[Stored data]

[Start of section]

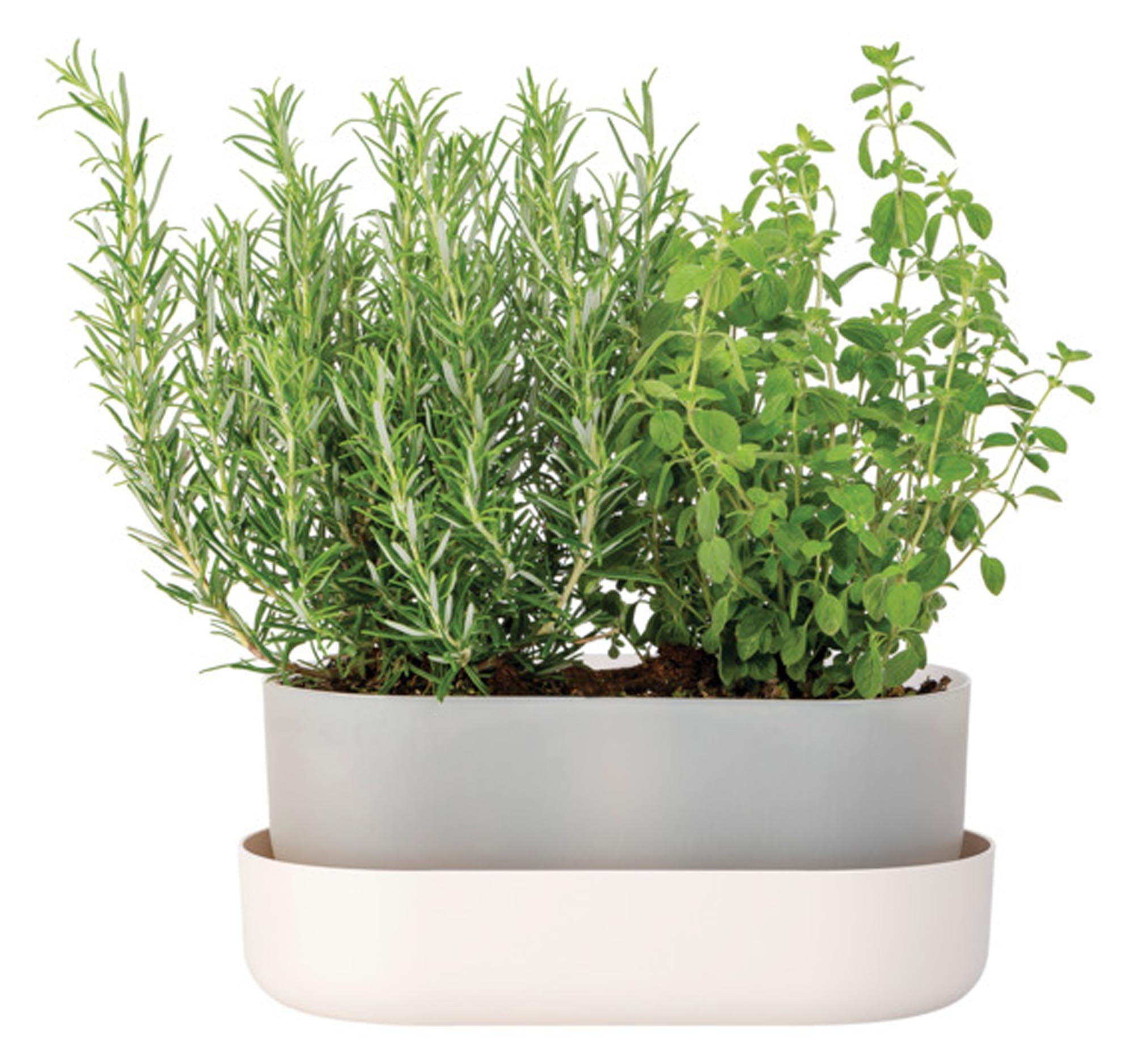 PLASTIA Blumenkasten mit Untersetzer Tolita elfenbein 31 cm in präsentiert im Onlineshop von KAQTU Design AG. Pflanzentopf Outdoor ist von PLASTIA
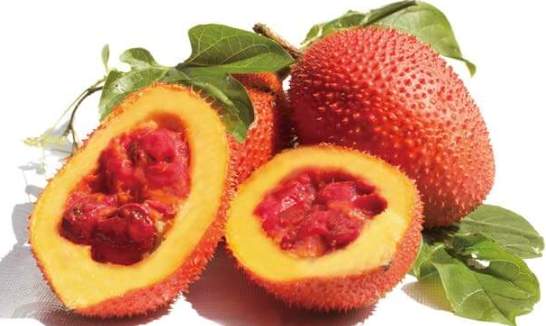 木鱉果油膠囊 推薦 木鱉果油膠囊 推薦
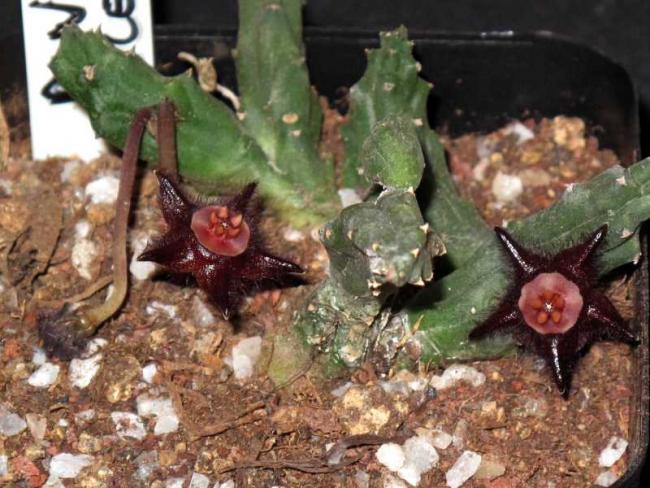 Name:  Duvalia elegans.jpg
Views: 2449
Size:  60.3 KB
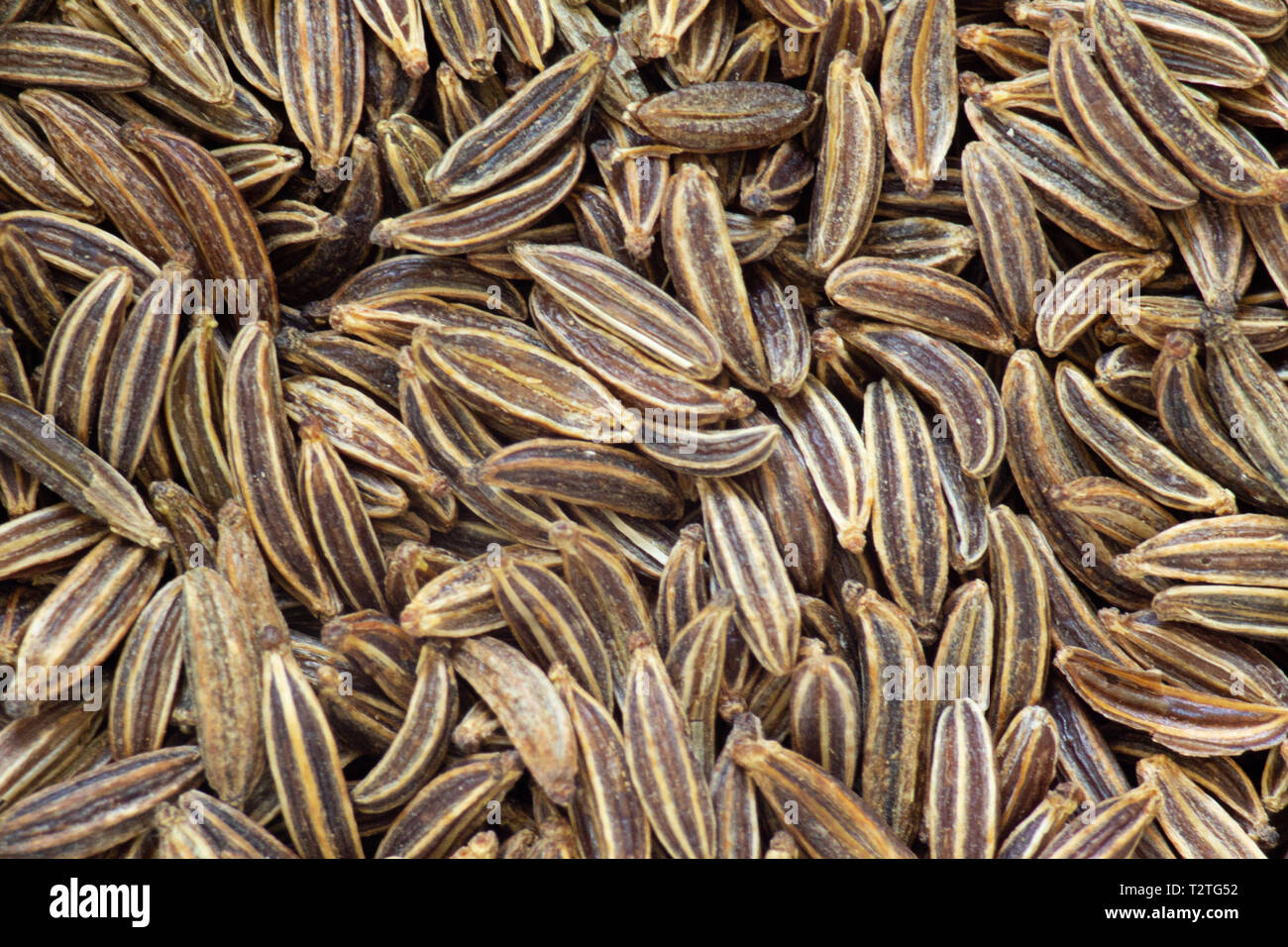 caraway seeds in closeup view background texture Stock Photo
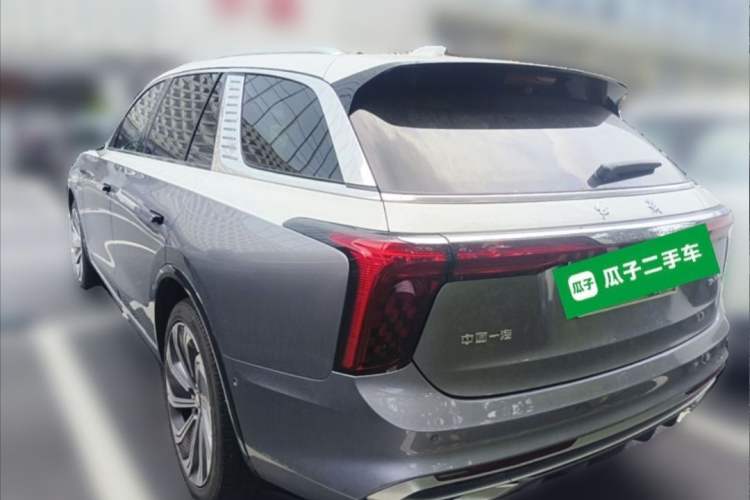 Used Hongqi E-HS9 2021 510 km Flagship Edition Four Seats Exterior 5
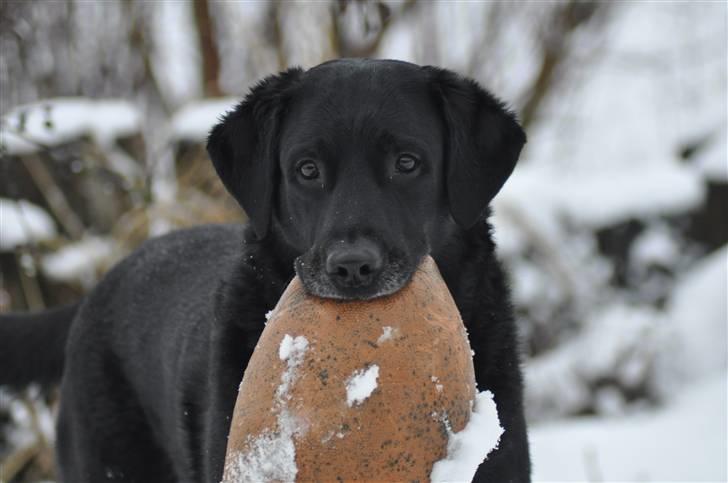 Blanding af racer Buster billede 1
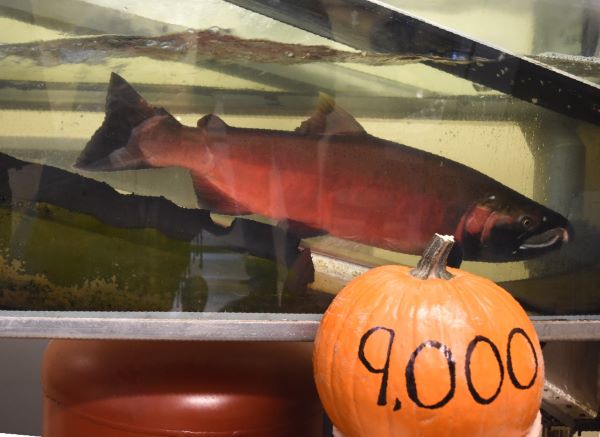 coho with a pumpkin in front of it 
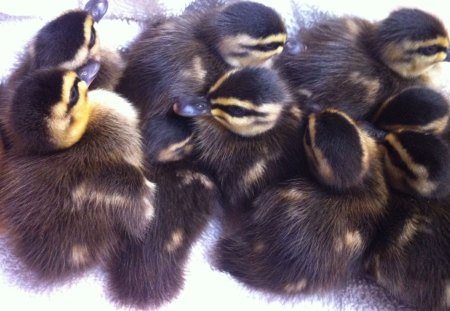 Ducklings - ducks, cute, birds, babies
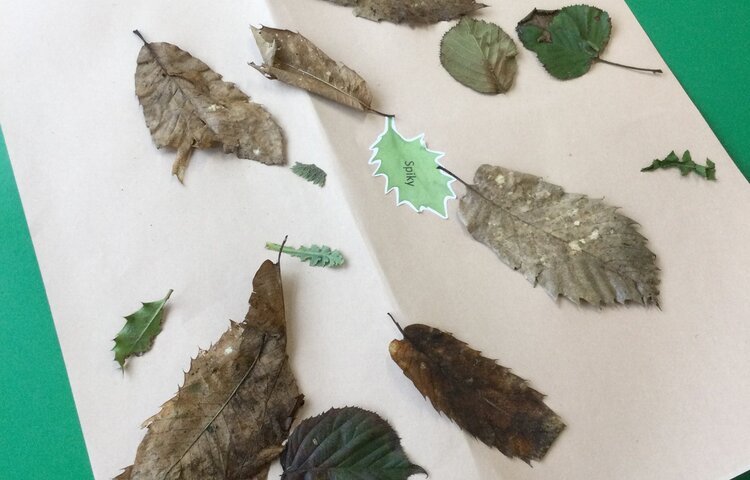 Image of Classifying Leaves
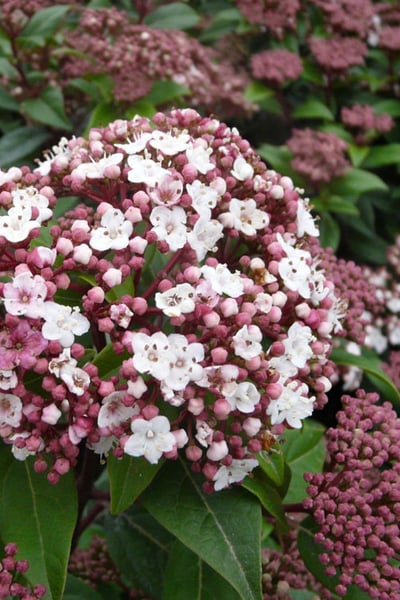 Laurustinus Anvi (Viburnum tinus)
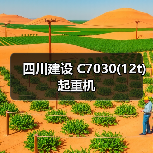 四川建设 C7030(12t) 起重机
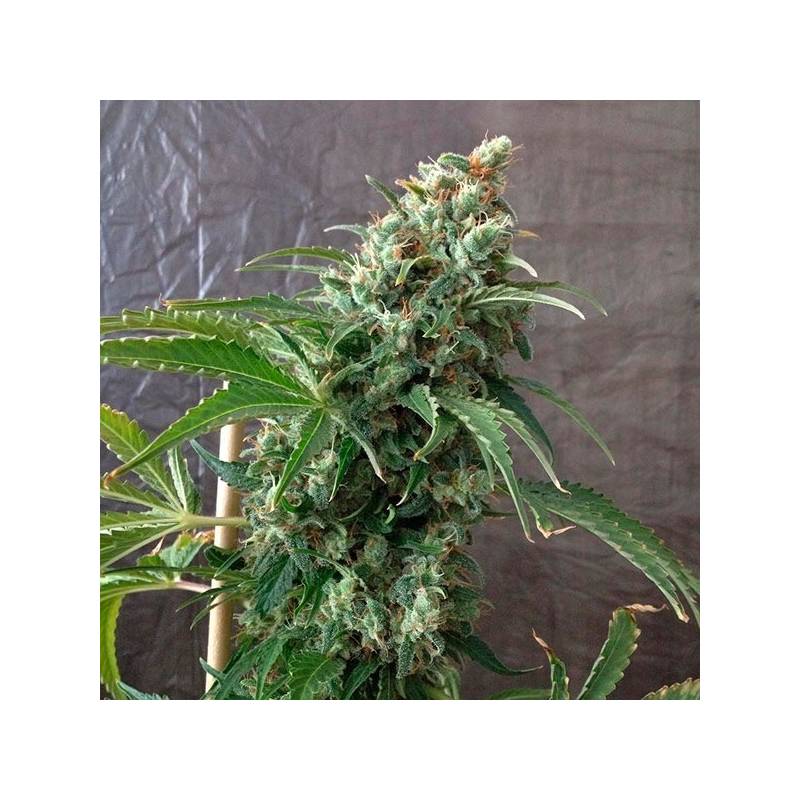 Krystalica Regular de Mandala Seeds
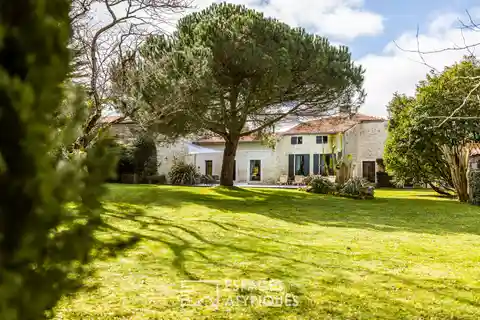 Countryside Oasis with Modern Comforts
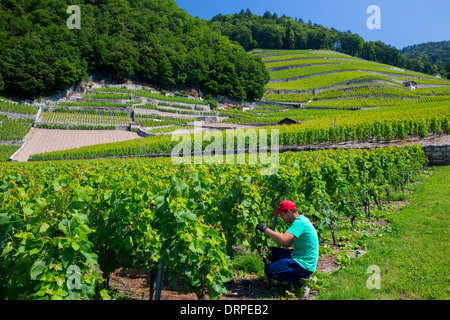 Arbeiter trimmen Chablais Reben auf Weingut Clos du Rocher in Yvorne in der Chablais-Region der Schweiz Stockfoto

[End of section]

| WORK INSTRUCTIONS |
Verbatim copy with pictures excluded: write out the records above in full.

| THE ANSWER |
 PLASTIA Blumenkasten mit Untersetzer Tolita elfenbein 31 cm in präsentiert im Onlineshop von KAQTU Design AG. Pflanzentopf Outdoor ist von PLASTIA
 木鱉果油膠囊 推薦 木鱉果油膠囊 推薦
 Name:  Duvalia elegans.jpg
Views: 2449
Size:  60.3 KB
 caraway seeds in closeup view background texture Stock Photo
 Used Hongqi E-HS9 2021 510 km Flagship Edition Four Seats Exterior 5
 Blanding af racer Buster billede 1
 coho with a pumpkin in front of it 
 Ducklings - ducks, cute, birds, babies
 Image of Classifying Leaves
 Laurustinus Anvi (Viburnum tinus)
 四川建设 C7030(12t) 起重机
 Krystalica Regular de Mandala Seeds
 Countryside Oasis with Modern Comforts
 Arbeiter trimmen Chablais Reben auf Weingut Clos du Rocher in Yvorne in der Chablais-Region der Schweiz Stockfoto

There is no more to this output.